### [Records supplied]
┄┄┄┄┄┄┄┄┄┄┄┄┄┄┄┄┄┄┄┄

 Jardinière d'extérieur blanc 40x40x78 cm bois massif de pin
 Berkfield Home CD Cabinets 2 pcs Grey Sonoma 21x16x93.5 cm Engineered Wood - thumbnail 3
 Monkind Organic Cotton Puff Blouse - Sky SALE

┄┄┄┄┄┄┄┄┄┄┄┄┄┄┄┄┄┄┄┄

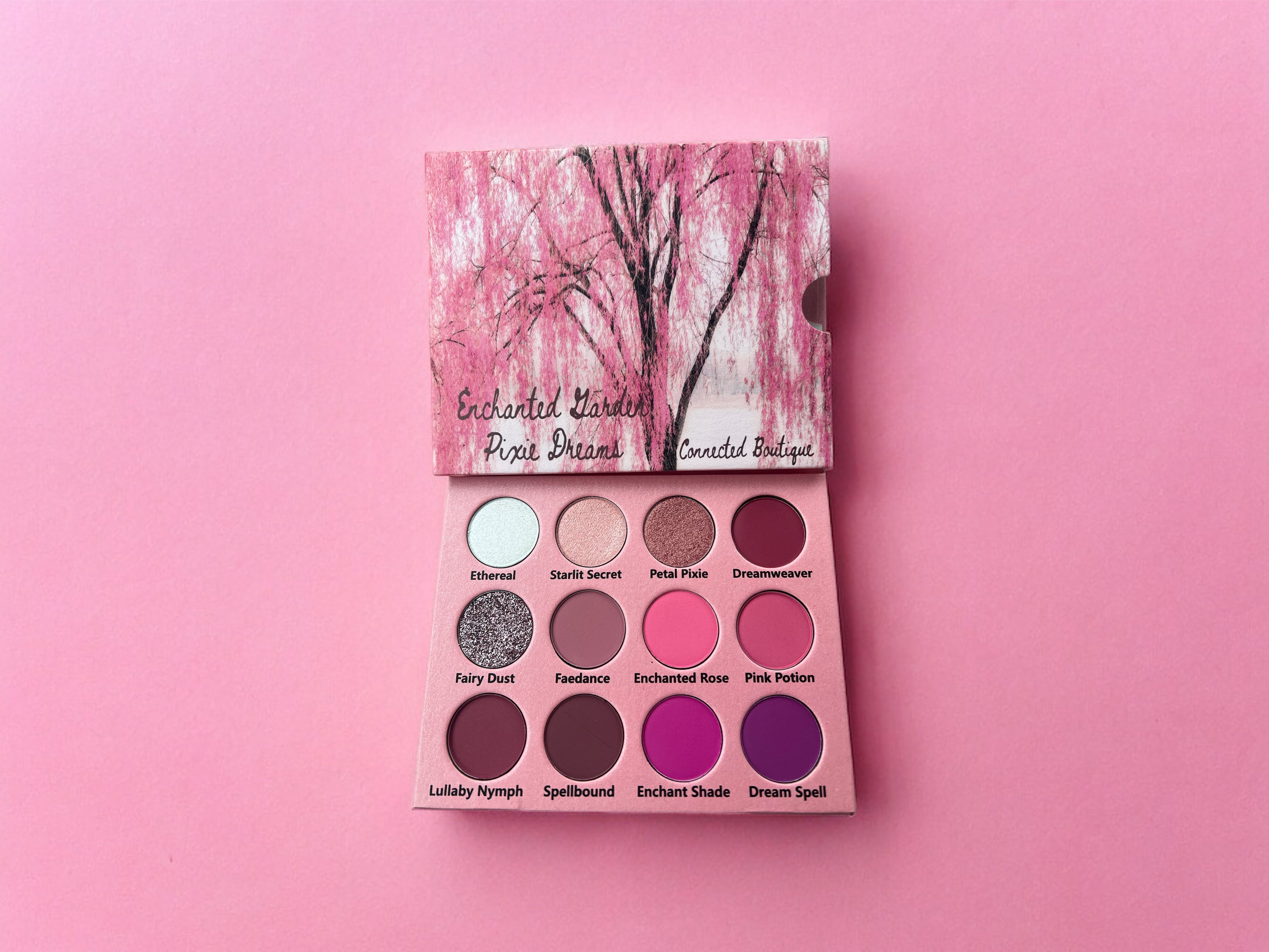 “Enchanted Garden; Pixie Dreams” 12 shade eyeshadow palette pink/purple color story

┄┄┄┄┄┄┄┄┄┄┄┄┄┄┄┄┄┄┄┄

From the entries above, give again exactly the lines running from the line with "Berkfield Home CD" to the line with "Monkind Organic Cotton"; include both of those lines.

### [Answer to this exercise]
 Berkfield Home CD Cabinets 2 pcs Grey Sonoma 21x16x93.5 cm Engineered Wood - thumbnail 3
 Monkind Organic Cotton Puff Blouse - Sky SALE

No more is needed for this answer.